IBD is considered as the result of an excessive and inadequate immune response to commensals of the intestine, defining IBD as a pro-inflammatory disorder[2]. In addition, at least in a subgroup of patients, IBD might also be an immunodeficiency due to impaired release of pro-inflammatory cytokines by macrophages[3, 4]. This hypothesis is supported by several primary immunodeficiencies that are characterized by IBD-like phenotypes such as IPEX syndrome, XIAP deficiency, and NEMO deficiency[5–7]. IL-10- and IL-10R deficiencies add to these disorders: affected patients manifest with severe early-onset enterocolitis which shows a dramatic and life-threatening progress[8–10]. The latter underscore the necessity of IL-10 to control inflammation and keep our immune system in balance[11–13].
For a long time, an autoimmune background has been suggested for IBD, and antibodies against numerous auto-antigens have been detected[14–18]. In 2009, Ebert et al. described autoantibodies against various cytokines in IBD patients leading to a state of relative deficiency of IL2, TGF-β and IL-10[19]. Given the relevance of IL-10 as the key immunomodulatory factor of the human immune system, neutralizing autoantibodies against IL-10 or IL-10R might significantly impair IL-10 signalling and contribute to the severity of IBD.

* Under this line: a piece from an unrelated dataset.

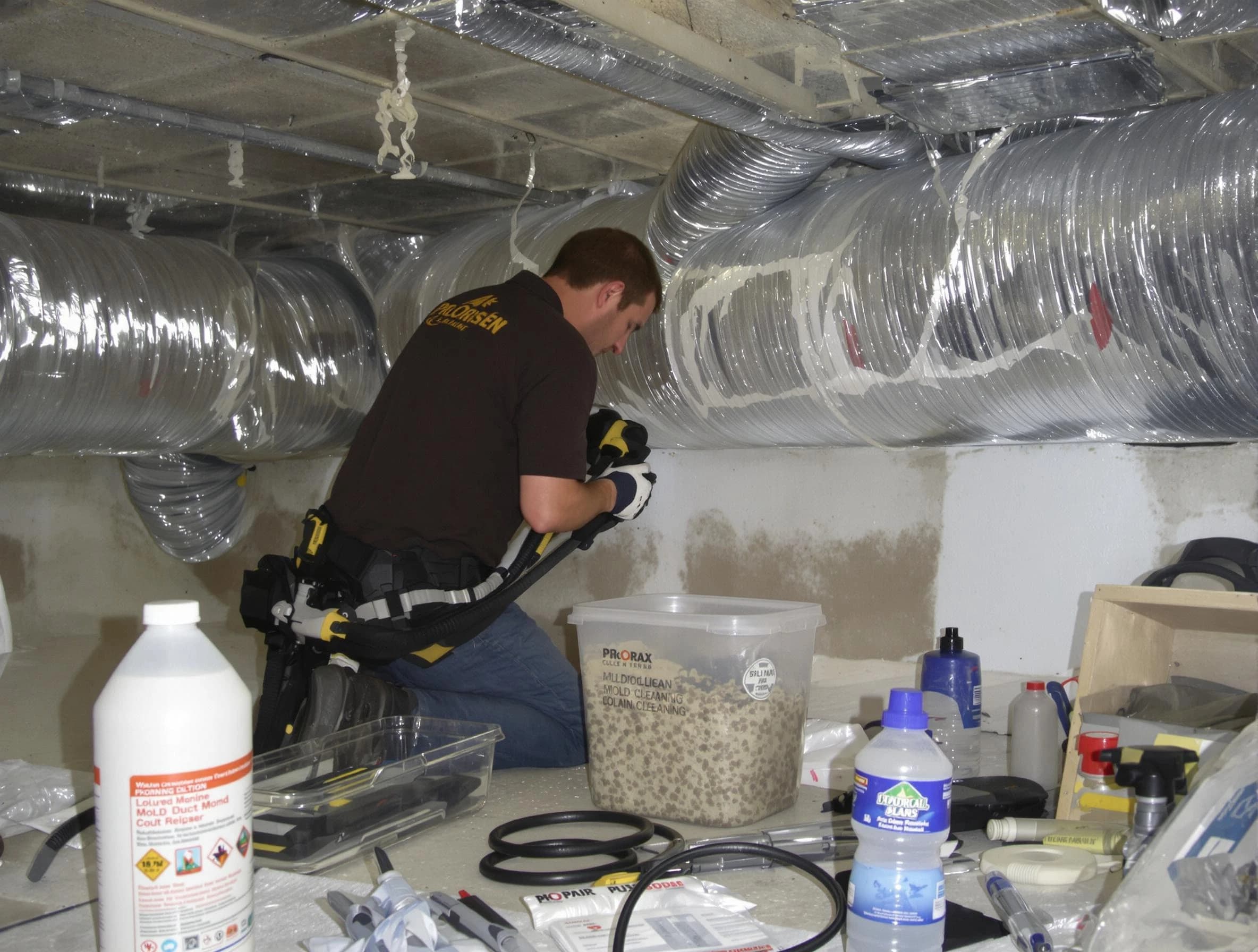 El Monte Air Duct Cleaning specialist performing professional mold removal from air ducts in El Monte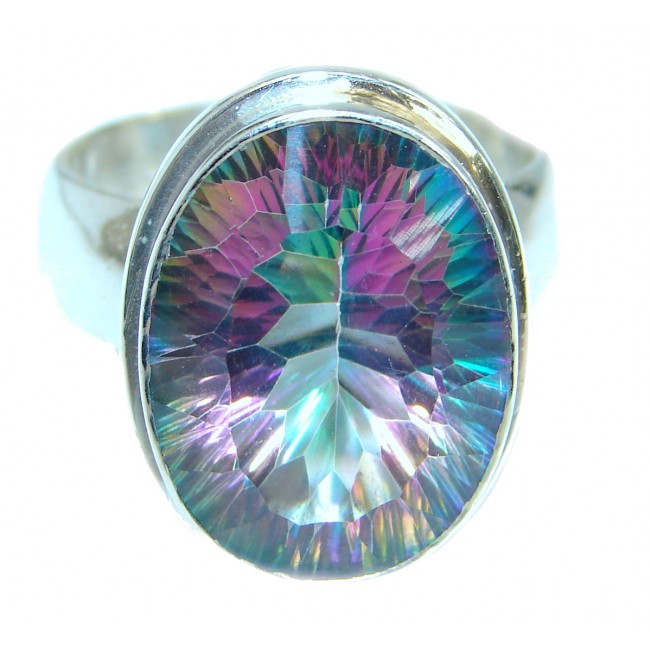 Bold Exotic Magic Topaz .925 Sterling Silver handmade Ring s. 10 1/4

In this study, we aimed to investigate the existence of autoantibodies binding to IL-10 or to the IL-10R, thus abrogating IL-10 signalling and mimicking a state of IL-10 deficiency. Here, we present the results of a screening for autoantibodies of the IgG and IgA isotype, putatively directed against IL-10 signalling components in 52 IBD patients.
Results and discussion
Antibodies against IL-10
Antibodies of the IgG isotype
Sera of 20 healthy donors as well as 52 IBD patients were subjected to ELISA testing in search of anti-IL-10 IgG antibodies. Upon testing, eight out of 52 IBD patients (15%) showed OD values above a cut-off of μ + 3SD (Figure 1A). Data were analyzed by t-test, comparing the Crohn’s disease (CD) and ulcerative colitis (UC) groups both to the healthy control group. We found the CD group to exhibit significantly elevated levels of anti-IL-10 IgG antibodies, whereas the UC group testing resulted in a non-significant p-value (p = 0.41). In our cohort, 18% of CD patients (7/38) had anti-IL-10 autoantibodies; this replicates the results of Ebert et al.[19], who found 17% of CD patients to have anti-IL-10 IgG autoantibodies in the serum, thus validating our results in spite of a small sample size.
Figure 1
Autoantibodies against IL-10. Serum samples of patients suffering from inflammatory bowel disease were tested for anti-IL-10 Immunoglobulin G (A) and Immunoglobulin A (B) by ELISA. The dotted line represents the cut-off, whereas means are depicted as solid lines.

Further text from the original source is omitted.